David Gorman

Personal information
- Full name: David Brian Gorman
- Born: 13 August 1955 (age 71) Havant, Hampshire, England
- Batting: Right-handed

Domestic team information
- 1981–1988: Berkshire

Career statistics
| Competition | LA |
| Matches | 4 |
| Runs scored | 44 |
| Batting average | 11.00 |
| 100s/50s | –/– |
| Top score | 28 |
| Balls bowled | – |
| Wickets | – |
| Bowling average | – |
| 5 wickets in innings | – |
| 10 wickets in match | – |
| Best bowling | – |
| Catches/stumpings | –/– |
- Source: Cricinfo, 21 September 2010

= David Gorman (cricketer) =

English cricketer

David Brian Gorman (born 13 August 1955) is a former English List A cricketer. A right-handed batsman, he was born at Havant, Hampshire.

Gorman made his Minor Counties Championship debut for Berkshire in 1981 against Buckinghamshire. From 1981 to 1988, he represented the county in 44 Minor Counties Championship matches, the last of which came in the 1996 Championship when Berkshire played Devon. Gorman also played in the MCCA Knockout Trophy for Berkshire. His debut in that competition came in 1984 when Berkshire played Buckinghamshire.
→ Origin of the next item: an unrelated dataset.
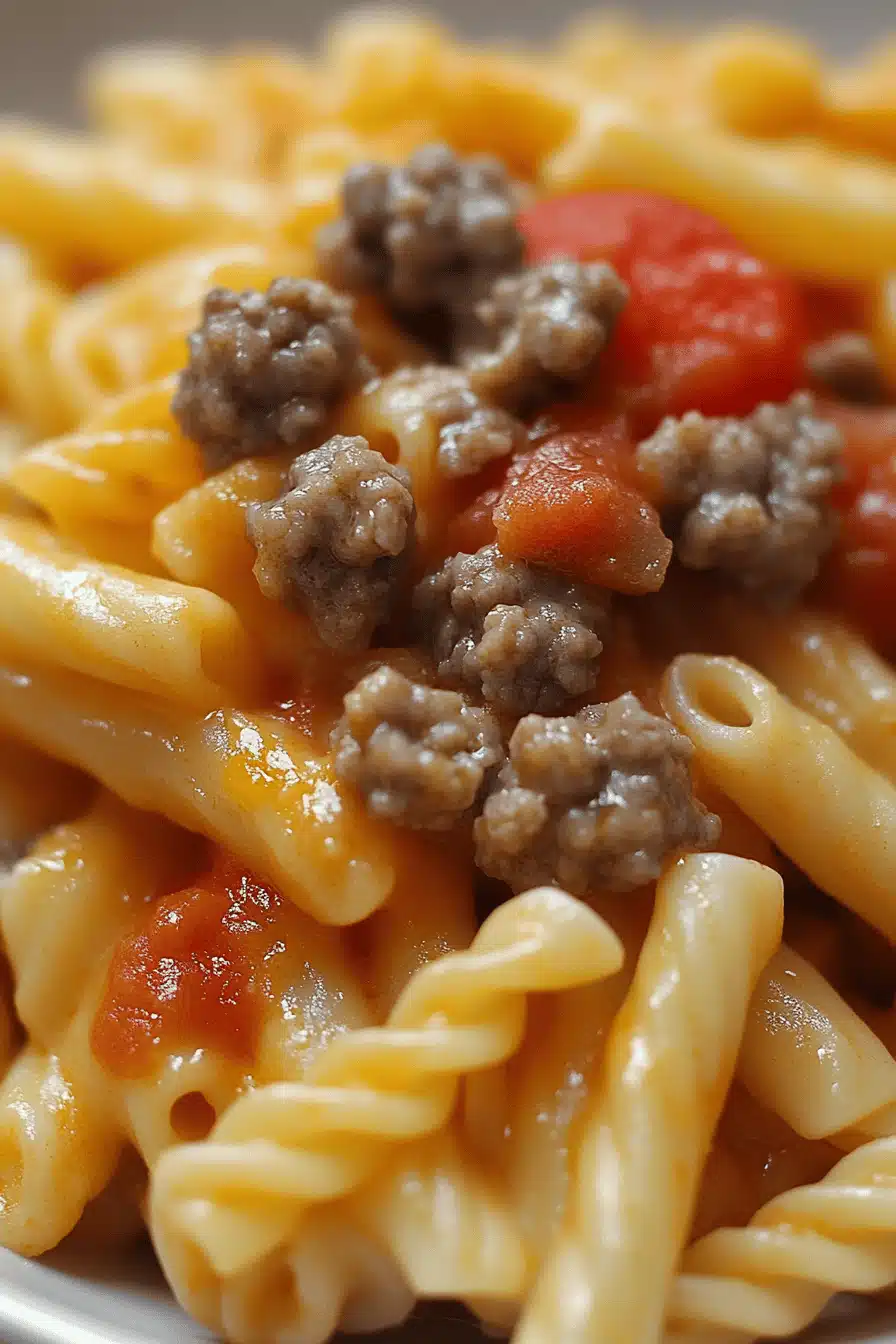 Cheeseburger Pasta ingredients organized and measured on kitchen counter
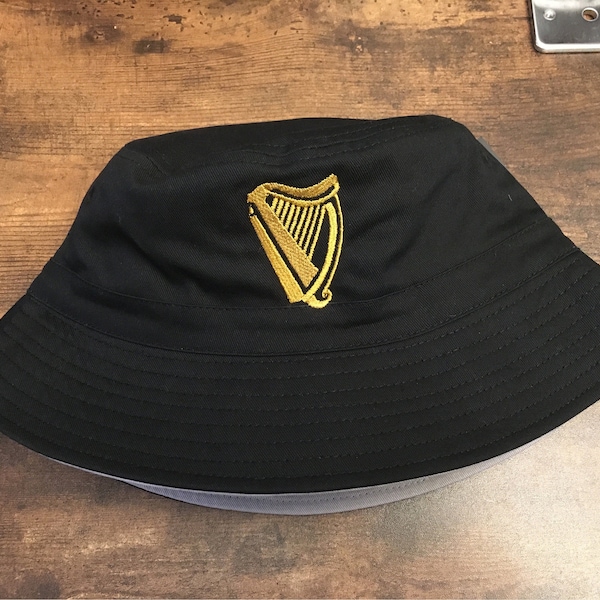 Harp Vintage Festival Style Retro Bucket Hat - Irish Beer Inspired  -Festival Hats - Sun Hats - Black Stuff -Embroidered Bucket Hat- QuirkY-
From 1984 to 1988, he represented the county in 10 Trophy matches, the last of which came when Berkshire played Oxfordshire in the 1988 MCCA Knockout Trophy. During the 2001 MCCA Knockout Trophy, Gorman played four matches for the combined Channel Islands side, the last of which came against Berkshire. Gorman captained the Channel Islands during these matches.

Additionally, he also played List-A matches for Berkshire. His List-A debut for the county came against Kent in the 1984 NatWest Trophy. From 1984 to 1988, he represented the county in 4 matches, with his final List-A match coming when Berkshire played Yorkshire in the 1988 NatWest Trophy at the Memorial Ground, Finchampstead. In his 4 matches, he scored 44 runs at a batting average of 11.00, with a high score of 28.